The average white American only has one black friend iStock A depressing new study found that most white Americans have almost no friends of color. "I have black friends" is no longer an excuse — the average white American has just one black friend, singular, research from the Public Religion Research Institute found. Robert P. Jones, the researcher behind the data, wrote in The Atlantic that the average white American's social network is 91 percent white. If the average white American had 100 friends, just one would be black, one Hispanic, one Asian, one of "mixed" background and three of ambiguous descent. Jones suggests the reason is "self-segregation," and that white people reserve close relationships and "important matters" for white friends. Meanwhile, Jones' research found that the average black American has eight white friends, as well as two Latino and three "mixed" friends. --Meghan DeMaria
A couple of months ago I heard a black caller to a radio sports talk show say "Nobody hates a black man like another black man."
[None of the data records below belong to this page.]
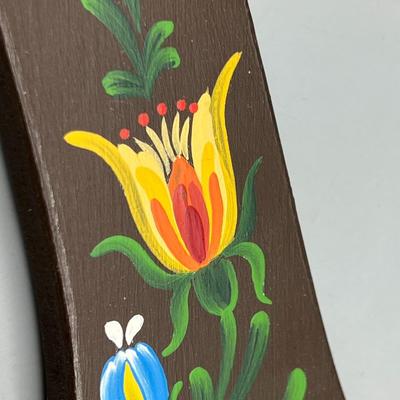 Vintage Hand Painted Fantasy Style Cottagecore Floral Motif Wooden Coat Hanger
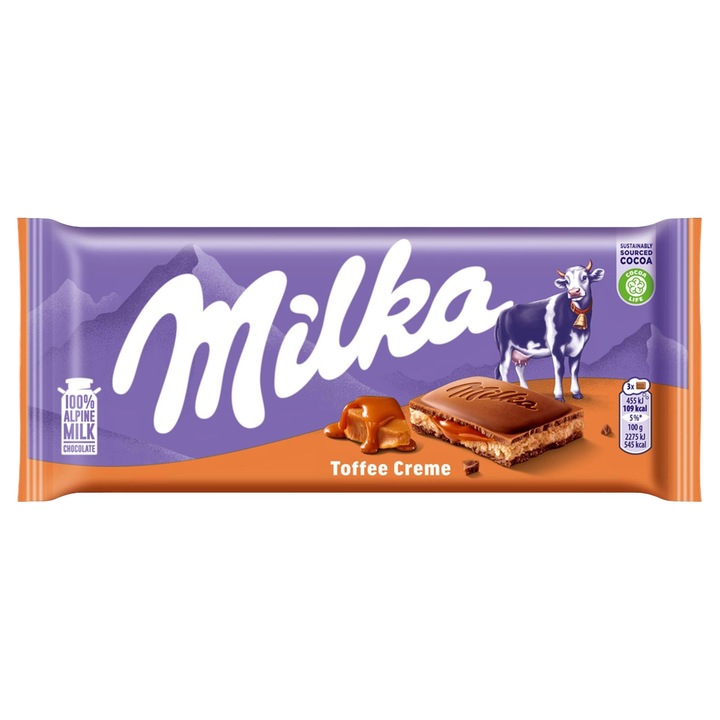 Ciocolata cu lapte Milka, cu umplutura de caramel, 100 g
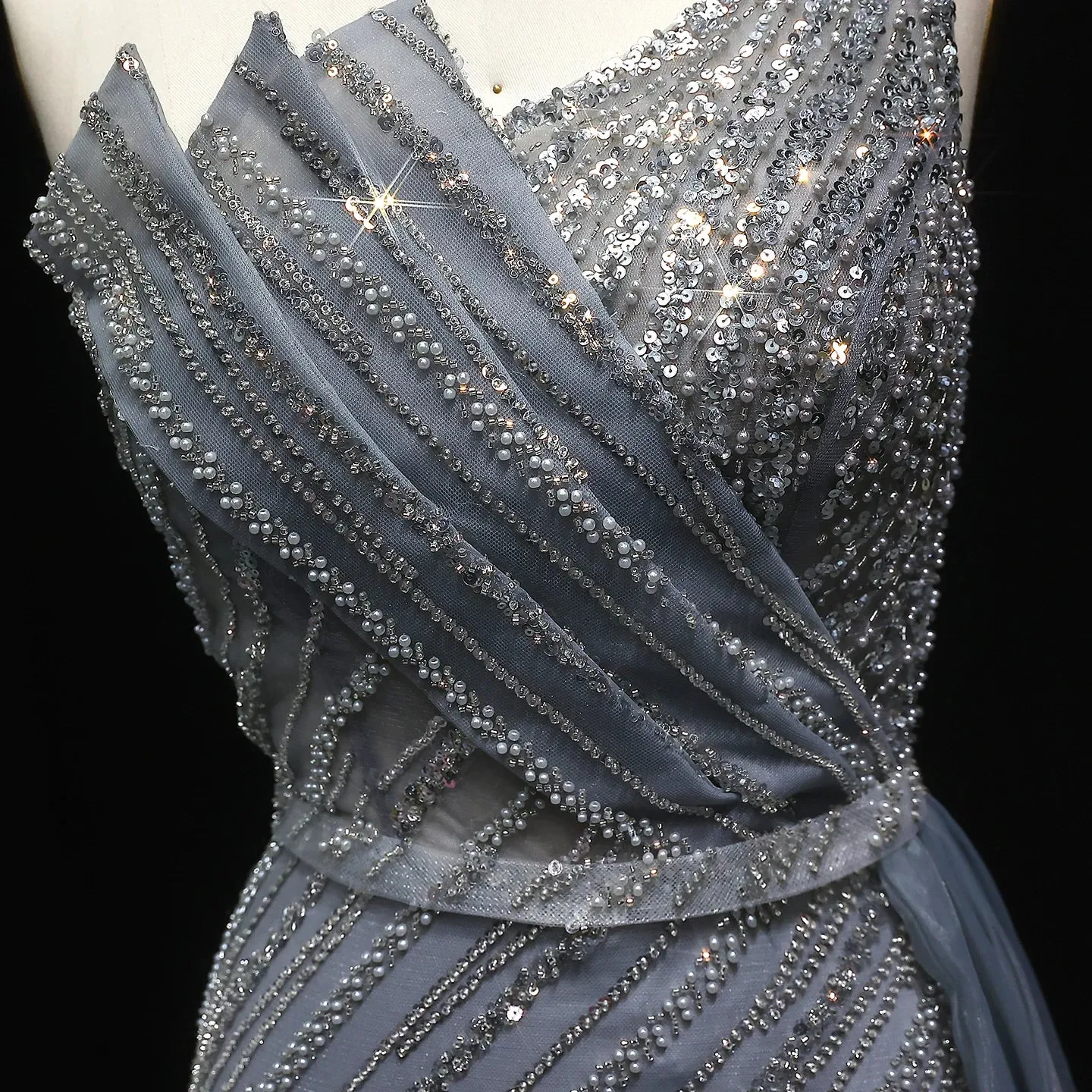 HELEN Luxury Stunning One Shoulder Evening Dress with Side Slit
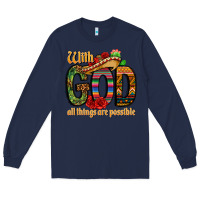 Navy with god all things are possible Long Sleeve Tee - CTS Tumbler Store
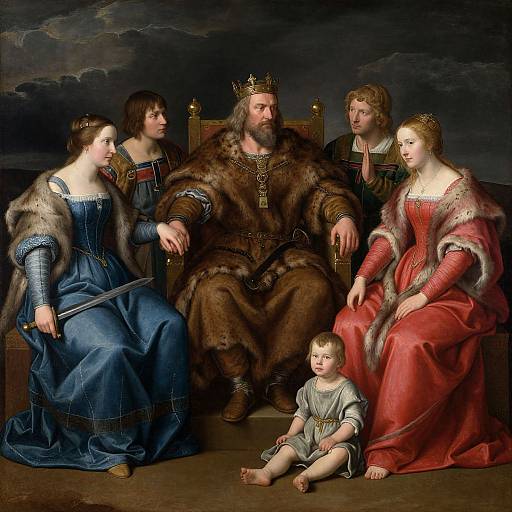 Renaissance-style painting of a regal king in fur robe, flanked by four women and a young boy, with dark, cloudy background.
I think it is more a matter of circumstance. I mean, I live in a town that is 50% black and I have quite a number of black acquaintances. But I live in a largely white part of town and work at LSU which is about 90% white. The people I see the most are colleagues and neighbors and my closest friends are among those and the folks I grew up with. I am not "self-segregating". I work where I work and I bought a house close to where I work. I didn't pick either to get away from black people. I lived for 19 years north of LSU in Old South which is about 90% black, when I rented. I knew more black folks then. I worked nights in a liquor store in a black neighborhood in college and I knew a lot more black people then. I still see a friend from those days on his rare visits back to town. I also wonder how they define "friend". What he wrote was "the average white American's social network is 91 percent white". I have never met MASTERMIND or asignupe, but I have been talking with them for years on the only social network that I visit every day. Are they not black friends? Does the fact that we are anonymous to each other constitute "social segregation"? Is it just a snapshot in time? What about all of the black folks I was teammates and band mates with in high school or in the Scouts? Do they count old friends that you never really see any more. Are they still on my "social network'?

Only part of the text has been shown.